With such background, it is easy to infer that Guillermo Cochez dares to analyze the current political, economic and social situation of Panama to conclude that, quite possibly, on the isthmus the conditions are given so that at any time a re-incarnation of the late Hugo Chávez arises.
It is impressive to hear the former ambassador to mention the contrasts existing in Panama. On one side, is the euphoria at the progress that brings the Canal expansion, the increase of foreign investments, or the rise in the flow of passengers at international and domestic airports. On the other hand, however, situations cringe like the recent strike of educators, the statistics revealing that every 48 minutes there are reports about a pregnant teenager and constant corruption scandals.
The ambassador has been tremendously touched by acknowledging that in the capital magnificent and modern skyscrapers coexist with very humble homes where are still latrines. Of course, we refer to rural holes in the ground used to defecate, and those that the current president Juan Carlos Varela has declared war on. Well at least he said that in a televised propaganda which highlighted his achievements in two years of management and in which he said that 70 latrines have been replaced by toilets.
Amid all this reality, Guillermo Cochez has focused on exposing public opinion the inadequate management of the State resources. Among his most recent claims he highlights a request made to the Office of Comptroller General of Colombia to independently audit the National Assembly since the possible existence of workers or hired professionals earning substantial salaries, but without really providing service to this body. He also said the alleged existence of lease contracts of cars and helicopters for political actions of some deputies, completely unrelated to the interests of the Legislature.

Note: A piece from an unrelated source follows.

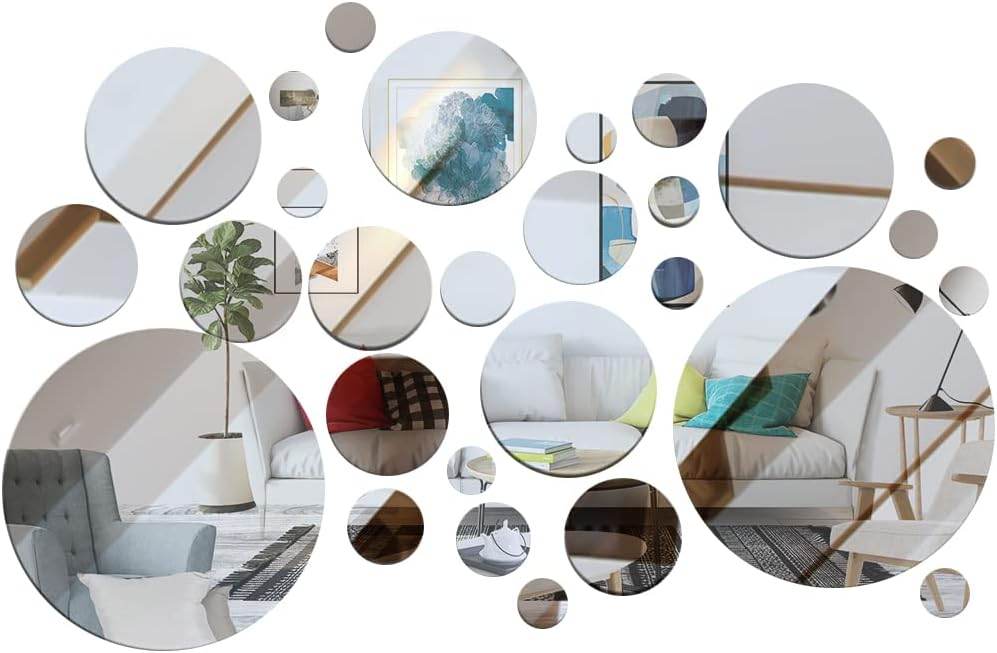 32 Pcs Acrylic Mirror Wall Stickers, Removable Wall Decal Mirror Set, Bathroom Wall Sticker Art, Circle Ceiling Mirrors for Bedroom, Home, Living Room, Sofa TV Background Decor (Small) Large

“When in 1968 the military staged a coup, they justified it with similar situations to those that Hugo Chávez promised to end up in Venezuela when he was elected in 1998. He promised a real democracy, end up the corrupt political parties; he also promised to repair the justice of bribed judges and end the endemic poverty,” said Cochez.
The “Diplomatic inconvenience,” as ever cataloged by the international noise of his views on Chavism, also explains us that what happened in Panama on October 11, 1968, when the military prevented the newly elected President Arnulfo Arias from taking office, “was seen coming before”. The crude distribution of power among politicians on duty was excessive and scandalous. The criminal behavior of some deputies was to be feared. The same parties that sponsored electoral fraud against Arnulfo Arias in 1964 joined him as if nothing had happened in 1968. Nobody already knew who he was,” he said.
When looking at how the same situations are repeated only with other actors, Cochez does not hide his pessimism and warns that – unless many deficiencies of the system are addressed – it is only a matter of time for the emergence of a figure similar to the late Hugo Chávez in Panama.